*Description of the task*:
Copy, without a single change, each line from the one that holds "Images for Bell Road, Bottisham, Cambridge" to the bottom of the entries below, and drop any pictures.

--- Extracted data ---

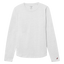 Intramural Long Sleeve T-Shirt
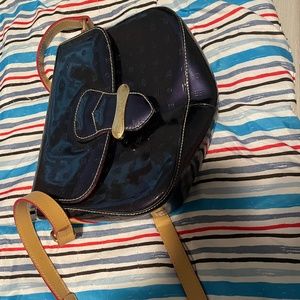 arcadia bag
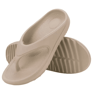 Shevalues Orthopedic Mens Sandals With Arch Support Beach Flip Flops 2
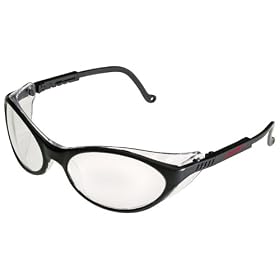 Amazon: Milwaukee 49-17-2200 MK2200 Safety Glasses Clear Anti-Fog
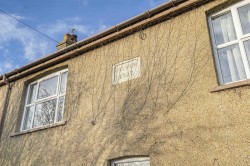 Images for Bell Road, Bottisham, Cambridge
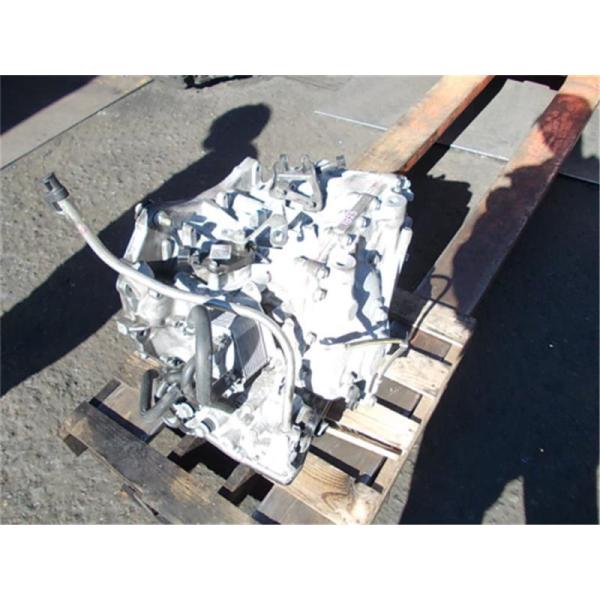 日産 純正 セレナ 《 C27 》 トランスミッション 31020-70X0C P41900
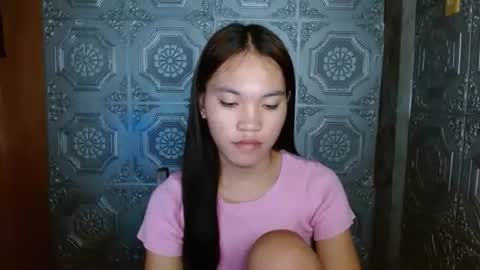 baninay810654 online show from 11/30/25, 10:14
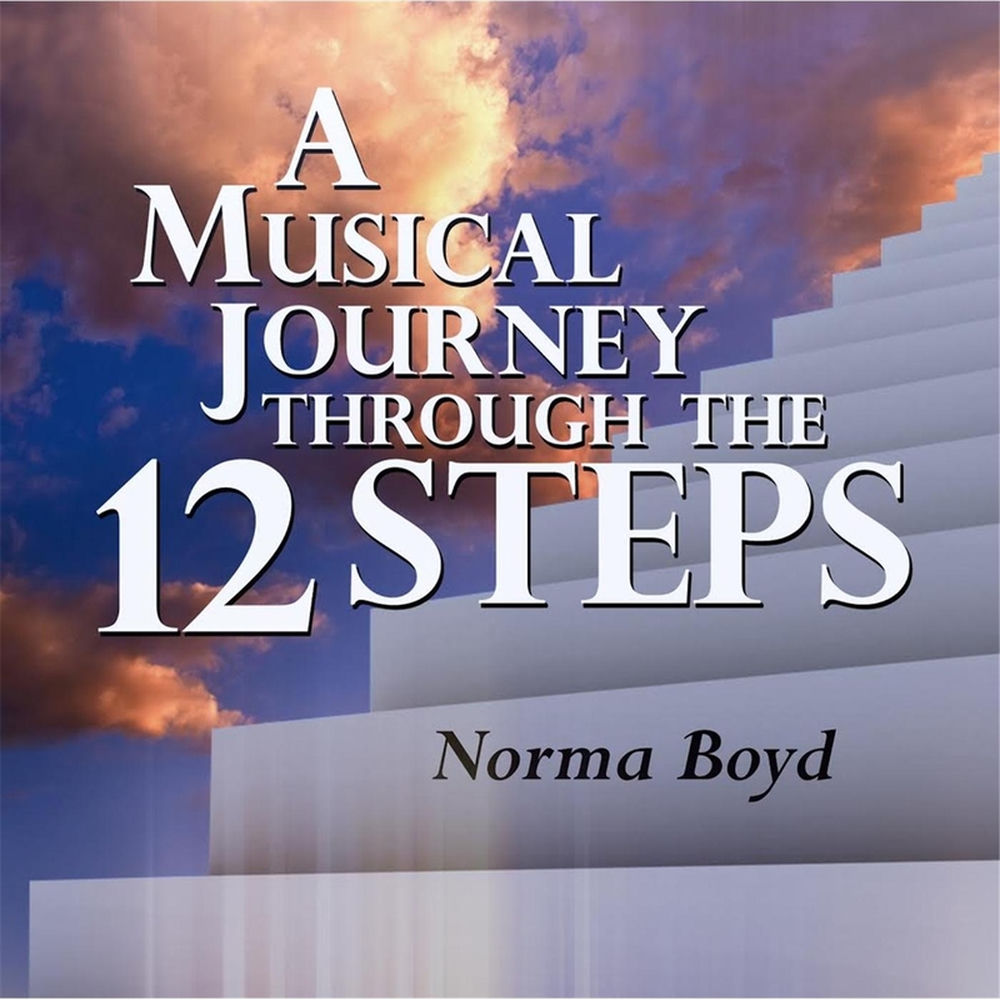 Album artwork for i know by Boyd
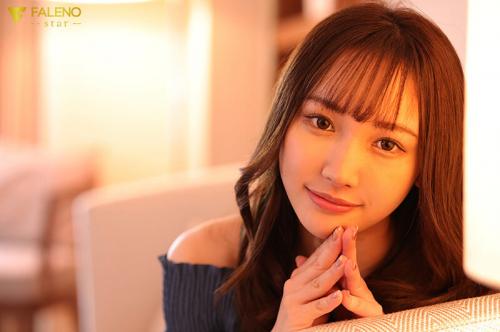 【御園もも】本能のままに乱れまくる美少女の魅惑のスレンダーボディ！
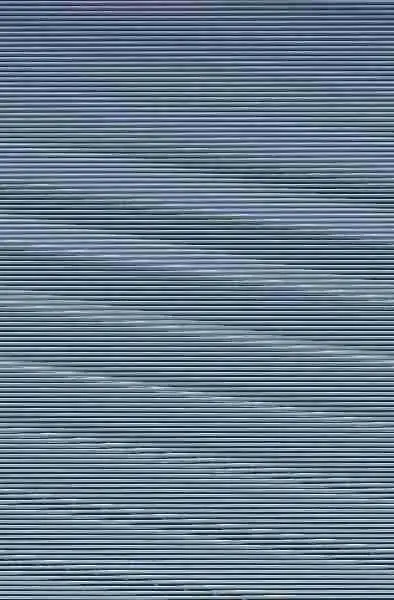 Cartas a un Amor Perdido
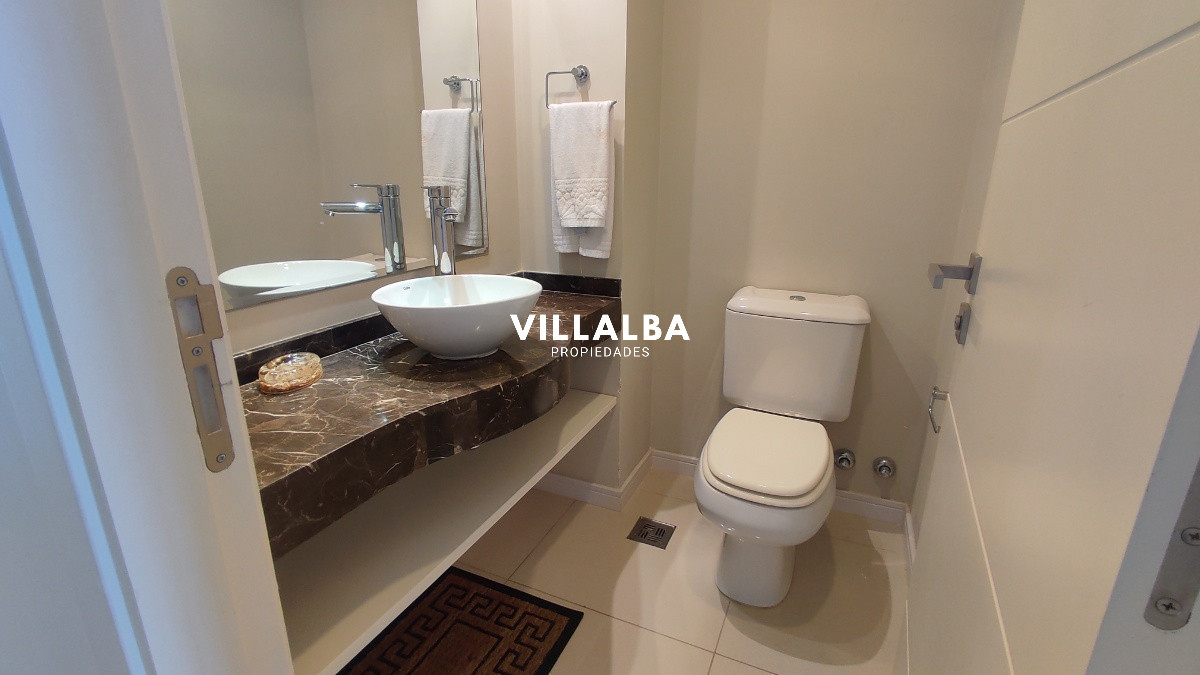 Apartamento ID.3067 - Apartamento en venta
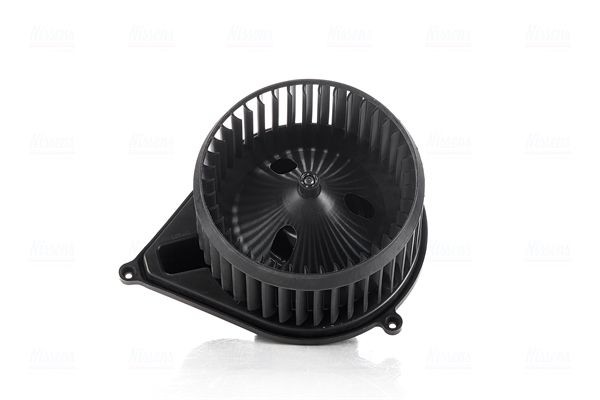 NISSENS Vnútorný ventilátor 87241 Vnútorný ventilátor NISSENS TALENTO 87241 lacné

---

*Result of the exercise*:
 Images for Bell Road, Bottisham, Cambridge
 日産 純正 セレナ 《 C27 》 トランスミッション 31020-70X0C P41900
 baninay810654 online show from 11/30/25, 10:14
 Album artwork for i know by Boyd
 【御園もも】本能のままに乱れまくる美少女の魅惑のスレンダーボディ！
 Cartas a un Amor Perdido
 Apartamento ID.3067 - Apartamento en venta
 NISSENS Vnútorný ventilátor 87241 Vnútorný ventilátor NISSENS TALENTO 87241 lacné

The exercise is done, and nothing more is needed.